» **Data**:
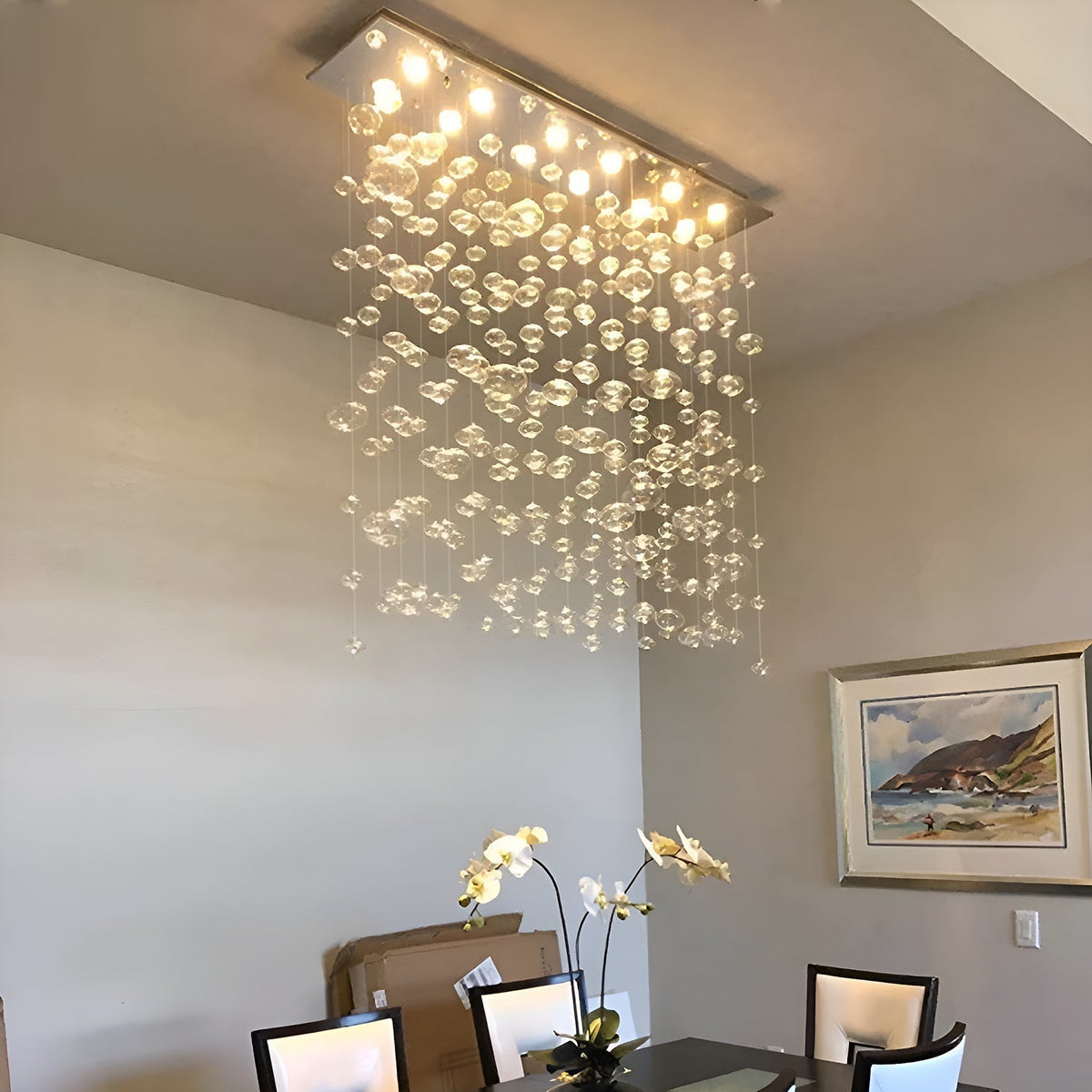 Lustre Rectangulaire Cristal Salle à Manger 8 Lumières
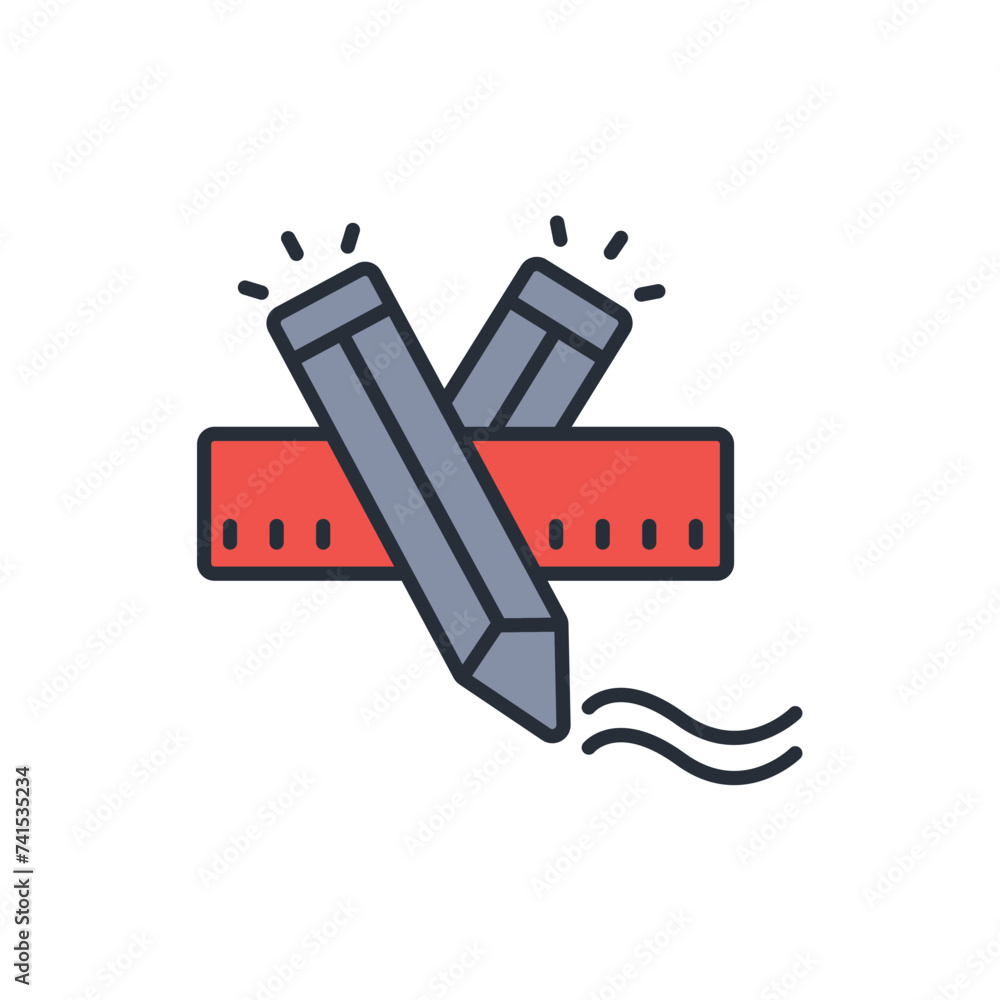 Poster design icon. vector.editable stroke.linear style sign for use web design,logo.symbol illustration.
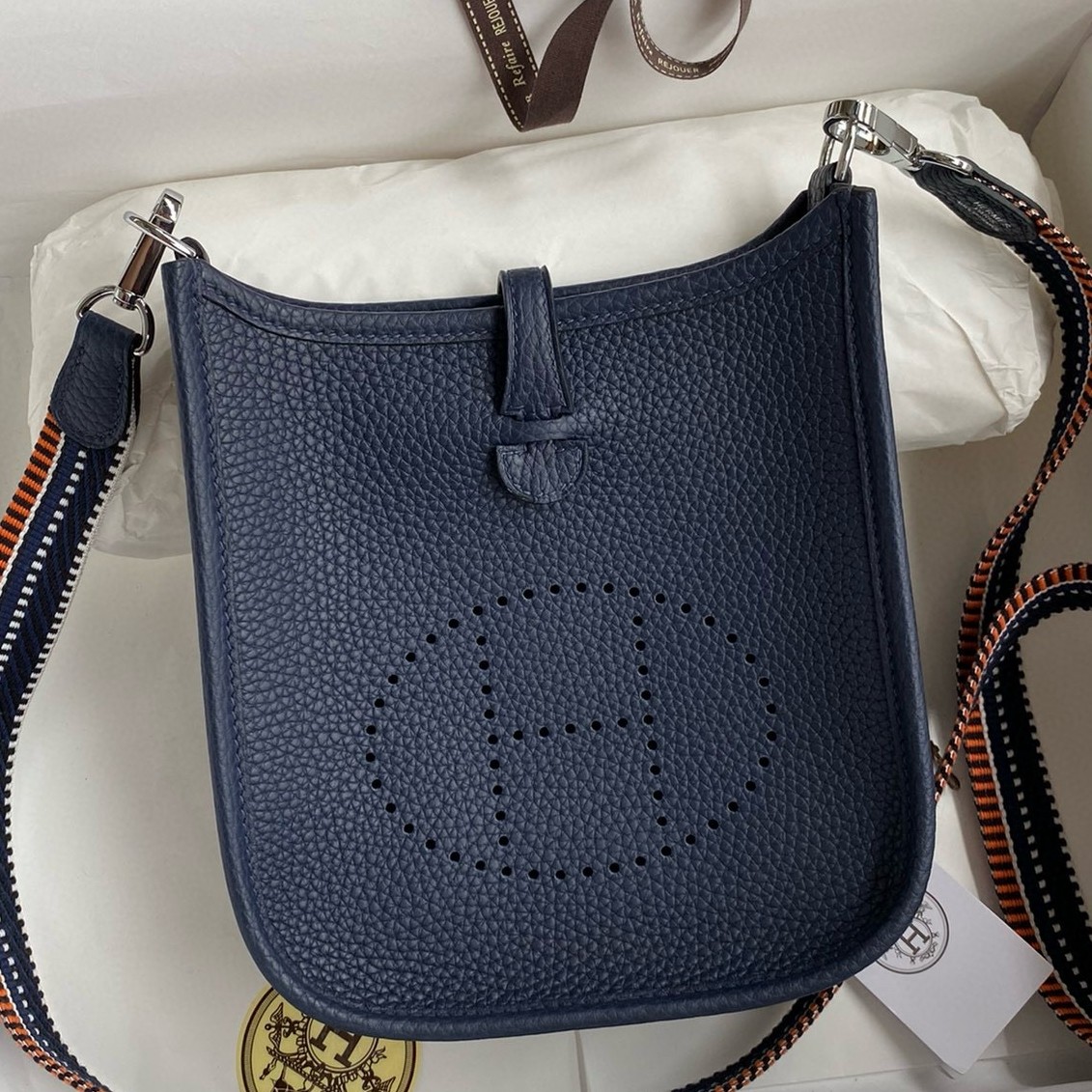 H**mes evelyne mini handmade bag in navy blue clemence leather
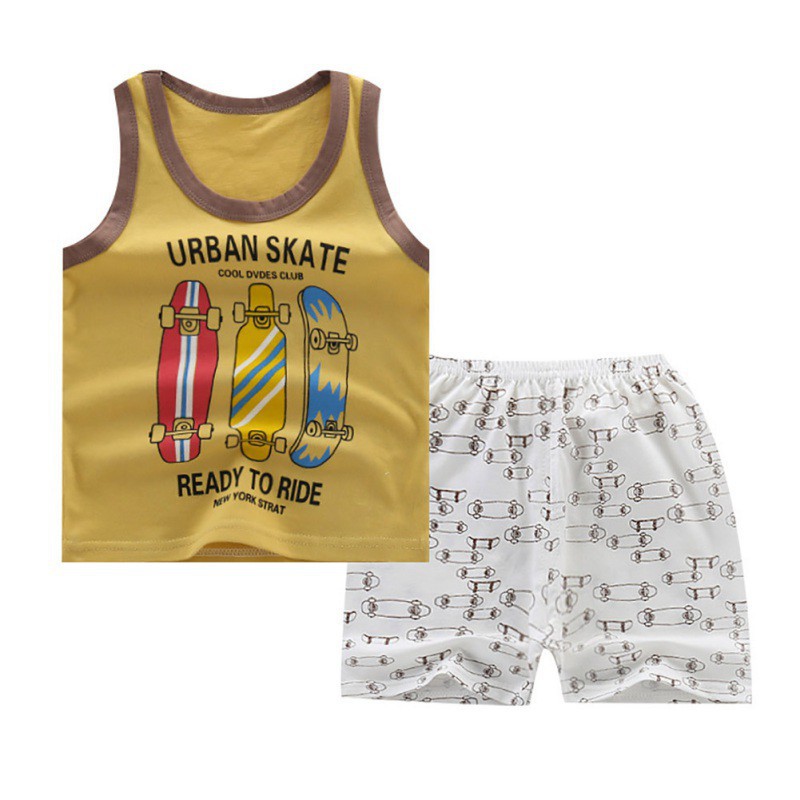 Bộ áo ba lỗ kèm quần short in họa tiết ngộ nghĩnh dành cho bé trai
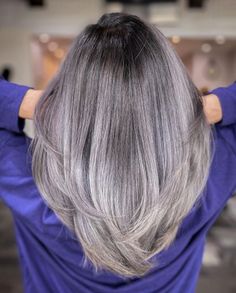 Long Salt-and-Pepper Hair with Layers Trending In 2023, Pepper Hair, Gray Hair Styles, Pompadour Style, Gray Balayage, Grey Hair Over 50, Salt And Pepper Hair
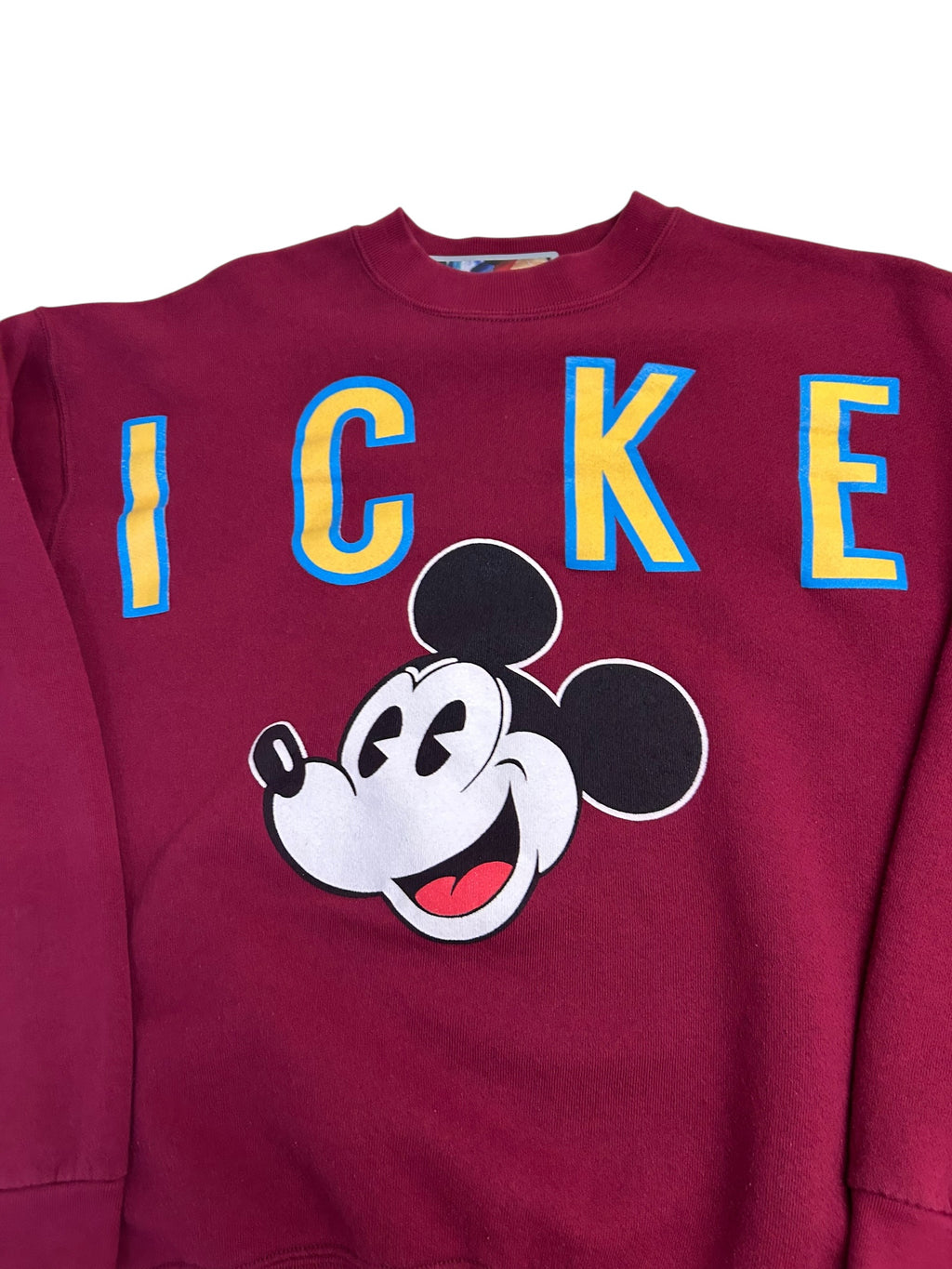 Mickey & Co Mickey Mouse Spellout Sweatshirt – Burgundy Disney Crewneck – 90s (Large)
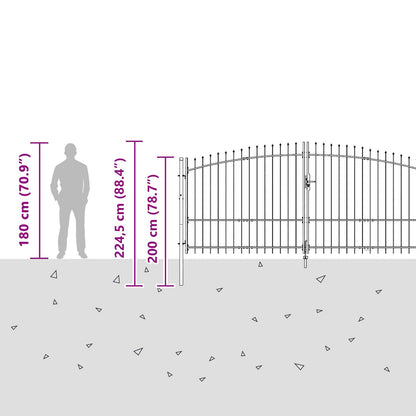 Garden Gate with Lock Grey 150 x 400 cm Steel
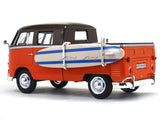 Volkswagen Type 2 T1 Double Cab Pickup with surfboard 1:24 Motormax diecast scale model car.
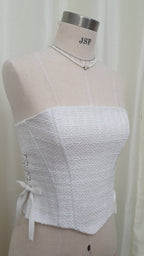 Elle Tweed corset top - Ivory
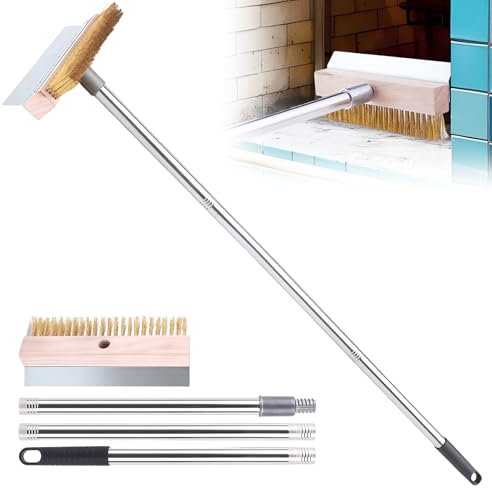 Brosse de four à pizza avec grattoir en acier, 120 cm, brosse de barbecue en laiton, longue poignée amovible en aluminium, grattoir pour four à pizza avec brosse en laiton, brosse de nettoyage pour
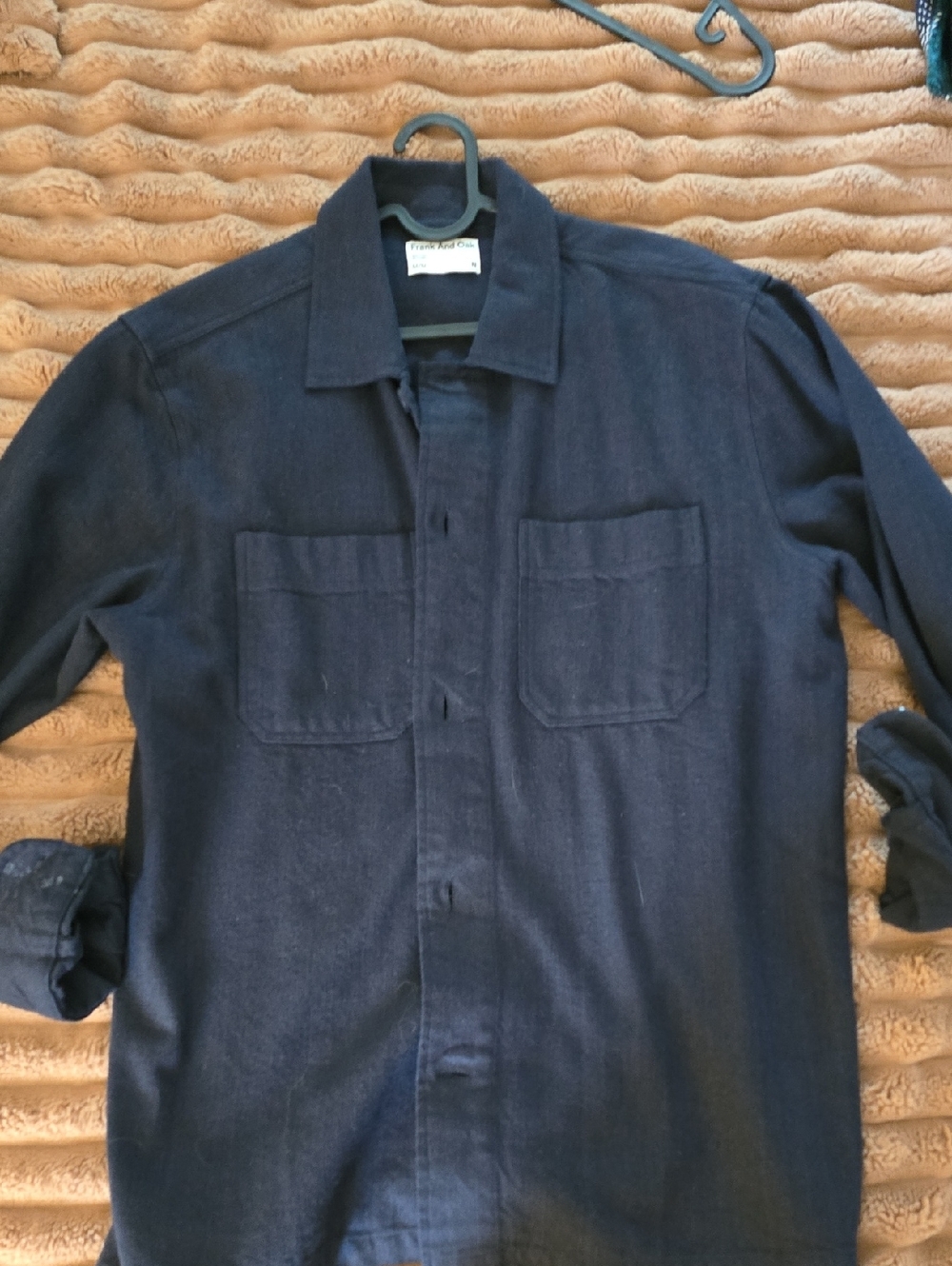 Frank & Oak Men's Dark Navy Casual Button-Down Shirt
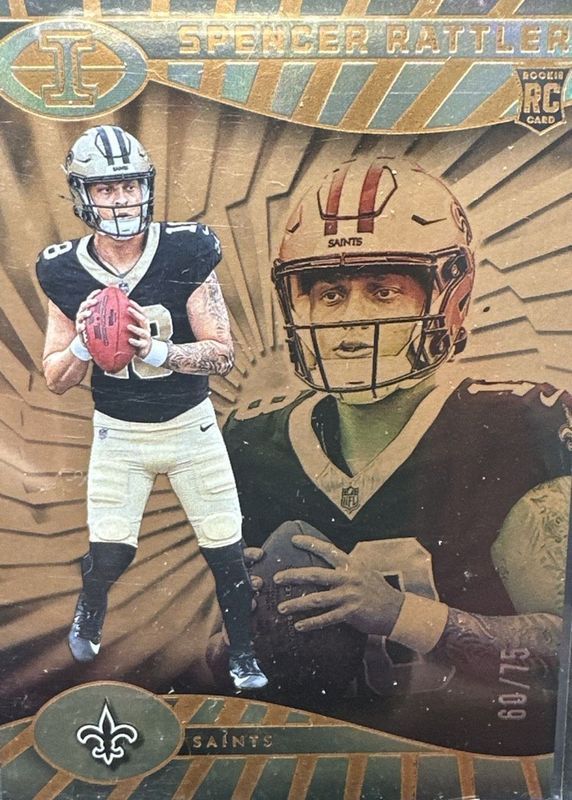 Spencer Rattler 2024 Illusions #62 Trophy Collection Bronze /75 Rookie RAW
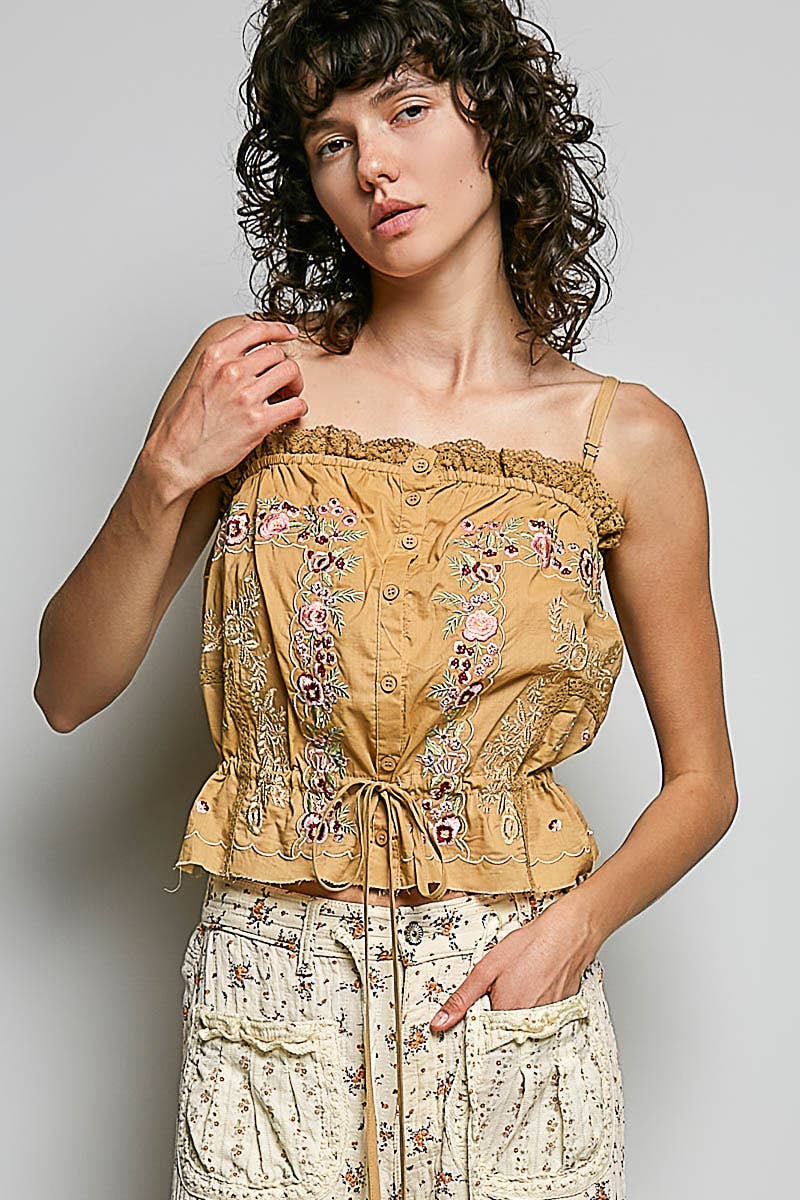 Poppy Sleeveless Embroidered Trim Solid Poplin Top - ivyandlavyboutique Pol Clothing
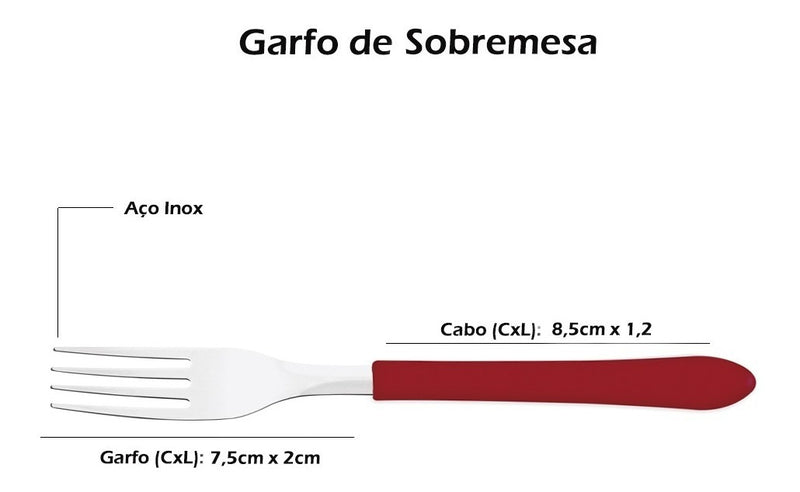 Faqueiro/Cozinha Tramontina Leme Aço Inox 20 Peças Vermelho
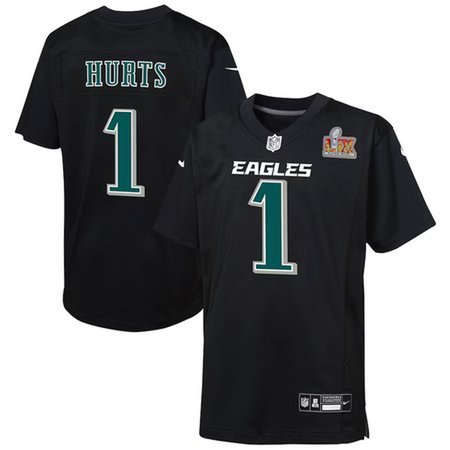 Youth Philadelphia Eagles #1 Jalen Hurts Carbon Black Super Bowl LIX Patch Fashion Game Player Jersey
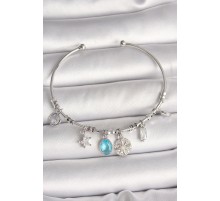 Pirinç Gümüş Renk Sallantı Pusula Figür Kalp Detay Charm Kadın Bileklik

» **Instructions to follow**: Only the lines between the one with "H**mes evelyne mini" and the one with "Garden Gate with", those two included, get copied from the material above. Keep it exact and free of pictures.

» **Your solution**:
 H**mes evelyne mini handmade bag in navy blue clemence leather
 Bộ áo ba lỗ kèm quần short in họa tiết ngộ nghĩnh dành cho bé trai
 Long Salt-and-Pepper Hair with Layers Trending In 2023, Pepper Hair, Gray Hair Styles, Pompadour Style, Gray Balayage, Grey Hair Over 50, Salt And Pepper Hair
 Mickey & Co Mickey Mouse Spellout Sweatshirt – Burgundy Disney Crewneck – 90s (Large)
 Garden Gate with Lock Grey 150 x 400 cm Steel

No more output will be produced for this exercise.